Hence, the accelerative losses for the aluminum driveshaft are about 0.77 those of the stock driveshaft.
But how much is that, really?
To know that, we have to know how much of a rotational rate gain in a given period of time the driveshaft will go through when accelerating the car. But that depends on the actual acceleration of the car, combined with the rear end ratio. The smaller that acceleration, the less of a difference the driveshaft is going to make. Similarly, the lower the rear end ratio, the less of a difference the driveshaft will make. So the greatest gain will be had at the lowest speeds, where the acceleration is greatest, and the largest rear end ratios. We can use the 0-60 time as a decent benchmark here.
Let's assume a 0-60 time of 4 seconds, and a rear end ratio of 3.73:1. With 27" diameter tires (which is what you have with stock Track Pack wheels and tires), going from 0-60 mph (i.e., 0 to 1056 in/sec) represents a change of 12.45 rotations per second at the rear wheels, or 46.4 revolutions per second of the driveshaft. Over 4 seconds, that means a change of 11.6 revolutions per second of the driveshaft each second.
How much torque would it take to rotate the aluminum driveshaft from 0 to 11.6 RPS in one second? The driveshaft is 18 pounds, the diameter 3.5". Its moment of inertia is thus 27.6 lb-in^2. It would thus take a torque of 27.6 in-lb to accelerate the driveshaft by one radian/sec in one second. 11.6 RPS is 36.4 radians/sec, so you need a torque of about 1005 in-lb to accelerate the driveshaft at that rate, or about 84 ft-lb.
The amount of torque required to accelerate the stock driveshaft at the same rate is about 1.3 times that, or 109 ft-lb.

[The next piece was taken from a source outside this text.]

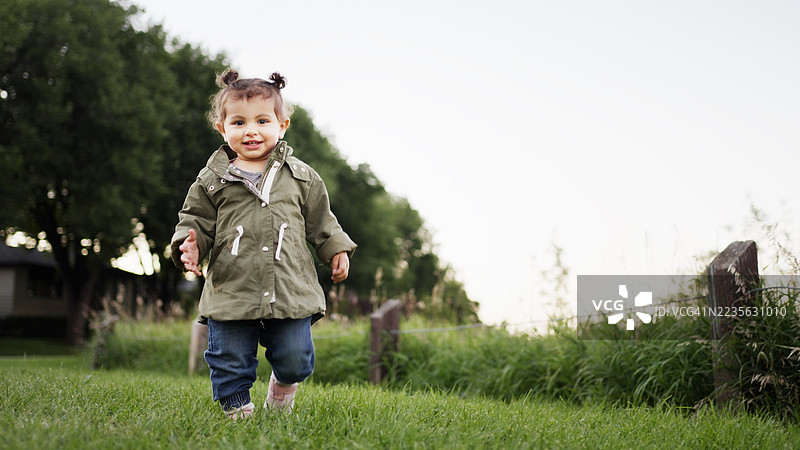 可爱的小女孩在草坪上探索大自然图片素材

Hence, the torque improvement for a 0-60 run in the above example is going to be about 25 ft-lbs.
For a car that's even faster (like a supercharged car), the torque requirements to accelerate the driveshaft will be greater, and so will the torque difference by going with an aluminum driveshaft. Based on the above calculation, a 30 ft-lb improvement seems reasonable.
What's most interesting about the above, though, is that going with a taller rear-end reduces the torque demands of the driveshaft, simply because the amount of rotational change required of the driveshaft to accelerate the car is reduced. Going from 3.73 to 3.31 would get you maybe 12 ft-lbs for a 4-second 0-60 run in a car with the stock driveshaft. Of course, that also reduces the torque multiplication factor between the engine and the wheels, and so you don't necessarily gain any acceleration as a result. There ain't no such thing as a free lunch here, either.
Another interesting conclusion is that dynos will give you the most accurate results as regards the torque of the engine if they minimize the rate at which the drivetrain accelerates. The amount of improvement you see in the dyno numbers when going from a stock driveshaft to a lightweight driveshaft will depend enormously on how quickly the drivetrain accelerates during the dyno run. If you know the amount of time it takes to do the run and the speed range of the rear wheels during the run, you can compute a rough estimate of the parasitic driveshaft torque drag.